I didn't work particularly hard to get people to sign; I just attached the petition to a clipboard and passed it around the cafeteria and gymnasium and in the classes I attended. Few students were overly passionate about the substance of what I had written, but everyone seemed to agree with it.
"Oh, yeah, I hate that fucking Unknown Junior" was the most common reaction as people reached for their pen.
It had only been a week since I began my crusade, but I felt like 233 names was more than sufficient to make my point. So I produced three photocopies of the petition, signatures and all, along with a cover letter and delivered the complete packet to the principal, the vice-principal, and the school superintendent.
At first, not much happened. A few teachers pulled me aside and told me they applauded my actions. But the vice-principal, Mr. Akey, a man much beloved by me and my older sisters before me who happened also to be Mr. Stubick's closest friend, had a slightly different take: "I admire your activism," he said after spotting me in the cafeteria one day, "but not the way you've gone about this."

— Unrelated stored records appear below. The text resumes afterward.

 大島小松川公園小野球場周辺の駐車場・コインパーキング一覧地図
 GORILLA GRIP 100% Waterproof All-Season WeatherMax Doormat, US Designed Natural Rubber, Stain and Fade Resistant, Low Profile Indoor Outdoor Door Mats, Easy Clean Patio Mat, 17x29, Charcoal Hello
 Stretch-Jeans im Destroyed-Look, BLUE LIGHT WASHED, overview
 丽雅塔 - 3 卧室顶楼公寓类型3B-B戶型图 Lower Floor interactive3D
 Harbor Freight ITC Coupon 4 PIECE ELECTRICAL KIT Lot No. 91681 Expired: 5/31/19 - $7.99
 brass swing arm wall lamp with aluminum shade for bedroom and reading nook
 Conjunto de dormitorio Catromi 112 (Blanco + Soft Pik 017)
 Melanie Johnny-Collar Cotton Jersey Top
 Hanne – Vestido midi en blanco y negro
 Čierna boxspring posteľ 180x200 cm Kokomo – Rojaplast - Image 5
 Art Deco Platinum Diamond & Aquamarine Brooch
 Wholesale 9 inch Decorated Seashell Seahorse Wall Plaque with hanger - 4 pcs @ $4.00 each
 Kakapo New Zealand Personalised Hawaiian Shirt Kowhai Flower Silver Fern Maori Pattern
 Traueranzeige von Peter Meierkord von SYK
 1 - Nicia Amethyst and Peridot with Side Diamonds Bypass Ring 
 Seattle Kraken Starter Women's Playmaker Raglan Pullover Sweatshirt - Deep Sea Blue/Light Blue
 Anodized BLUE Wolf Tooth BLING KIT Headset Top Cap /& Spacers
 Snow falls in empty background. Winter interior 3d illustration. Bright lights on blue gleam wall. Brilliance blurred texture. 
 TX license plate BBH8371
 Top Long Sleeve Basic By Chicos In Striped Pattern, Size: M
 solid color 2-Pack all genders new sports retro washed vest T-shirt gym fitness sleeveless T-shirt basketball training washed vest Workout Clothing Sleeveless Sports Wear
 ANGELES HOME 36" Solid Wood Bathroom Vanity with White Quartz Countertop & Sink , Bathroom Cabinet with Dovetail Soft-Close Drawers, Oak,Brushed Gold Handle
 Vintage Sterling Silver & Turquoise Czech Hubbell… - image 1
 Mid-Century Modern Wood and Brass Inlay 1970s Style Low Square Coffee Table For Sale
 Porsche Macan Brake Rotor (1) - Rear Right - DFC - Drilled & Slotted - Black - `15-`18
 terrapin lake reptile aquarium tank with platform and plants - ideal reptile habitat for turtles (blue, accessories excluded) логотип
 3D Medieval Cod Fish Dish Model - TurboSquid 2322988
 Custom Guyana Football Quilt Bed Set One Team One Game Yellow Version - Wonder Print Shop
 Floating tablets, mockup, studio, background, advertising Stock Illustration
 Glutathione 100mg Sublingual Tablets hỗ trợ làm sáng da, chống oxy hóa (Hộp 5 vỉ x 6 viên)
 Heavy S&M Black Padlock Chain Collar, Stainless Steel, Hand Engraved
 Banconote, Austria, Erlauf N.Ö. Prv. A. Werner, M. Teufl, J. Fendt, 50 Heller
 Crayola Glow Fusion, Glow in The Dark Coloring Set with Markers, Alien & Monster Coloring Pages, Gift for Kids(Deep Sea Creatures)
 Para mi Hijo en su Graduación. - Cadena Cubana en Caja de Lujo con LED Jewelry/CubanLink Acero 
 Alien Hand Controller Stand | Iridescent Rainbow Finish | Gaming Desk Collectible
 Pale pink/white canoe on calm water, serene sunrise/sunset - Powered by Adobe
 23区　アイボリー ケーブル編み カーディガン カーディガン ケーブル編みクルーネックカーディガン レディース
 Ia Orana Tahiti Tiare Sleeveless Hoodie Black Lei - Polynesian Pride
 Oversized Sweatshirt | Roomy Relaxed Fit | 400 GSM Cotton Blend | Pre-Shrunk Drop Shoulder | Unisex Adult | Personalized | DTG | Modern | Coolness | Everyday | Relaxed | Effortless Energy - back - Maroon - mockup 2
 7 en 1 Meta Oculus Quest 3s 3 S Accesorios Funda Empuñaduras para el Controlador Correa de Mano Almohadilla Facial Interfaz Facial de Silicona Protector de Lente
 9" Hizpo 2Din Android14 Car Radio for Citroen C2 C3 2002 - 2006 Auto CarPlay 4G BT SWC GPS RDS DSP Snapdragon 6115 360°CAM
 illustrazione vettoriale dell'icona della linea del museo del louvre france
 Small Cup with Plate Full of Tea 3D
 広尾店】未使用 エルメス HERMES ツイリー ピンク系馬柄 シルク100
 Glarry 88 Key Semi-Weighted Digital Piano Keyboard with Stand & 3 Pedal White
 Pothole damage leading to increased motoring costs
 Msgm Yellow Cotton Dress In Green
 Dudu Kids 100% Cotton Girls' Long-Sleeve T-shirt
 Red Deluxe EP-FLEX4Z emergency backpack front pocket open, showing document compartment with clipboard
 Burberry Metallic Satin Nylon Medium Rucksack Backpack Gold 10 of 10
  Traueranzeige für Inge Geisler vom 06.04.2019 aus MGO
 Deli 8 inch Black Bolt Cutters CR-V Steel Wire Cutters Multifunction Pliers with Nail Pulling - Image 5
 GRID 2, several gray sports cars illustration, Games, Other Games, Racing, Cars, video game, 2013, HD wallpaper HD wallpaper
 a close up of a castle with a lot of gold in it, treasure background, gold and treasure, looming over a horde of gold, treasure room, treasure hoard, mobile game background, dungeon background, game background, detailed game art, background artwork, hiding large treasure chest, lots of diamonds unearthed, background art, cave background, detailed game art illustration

Yet there was no immediate reaction from either the principal or superintendent. Nor was there any from Stubick himself. That is, until the next issue of "The Tower" came out the following month.
There appeared on page three a large photo of three students with the caption, "SHS Students Tour the Capitol as Part of the National Close Up Program in February," followed by the names of the students pictured. The shoulder of a fourth student was also visible, but his face had been cropped out.
Guess who.
It was Mr. Stubick's first attempt at retribution. It would hardly be his last.
To be continued.
Homo really and truly done for today. ♥
Part 7:
Blogger's Note: Stay with me; the finish line is in sight.
About six weeks passed before I was finally summoned to the office of Dr. Geddes, our school principal. I don't know if Geddes had played football in college, but he had that look about him -- broad and blockheaded with menacing eyes that didn't match his forced smile. When I picture him now, he looks like someone who might have served in George W. Bush's administration. Tom Ridge, perhaps.

On second though, Ridge has a kinder face.
I never had many dealings with Dr. Geddes; I wasn't the sort of kid who gets sent to the principal's office, at least not in high school. Ironically, the only other time I recall Dr. Geddes approaching me was after my pizza survey had been published in "The Tower" the previous year.
"Mr. Sank," he had said as I passed him in the hallway after a drama club meeting. "I read your pizza article. What about Luigi's?"
I explained to him that I had tried to survey Luigi's but they were closed.
"Mm hm," he said, staring at me with those cold, dead eyes.
Now here I was sitting across from him in his office, my petition in his hand.
"Now what, exactly, is your problem with the newspaper?" he asked.
I've never understood when somebody poses a question to which he already knows the answer.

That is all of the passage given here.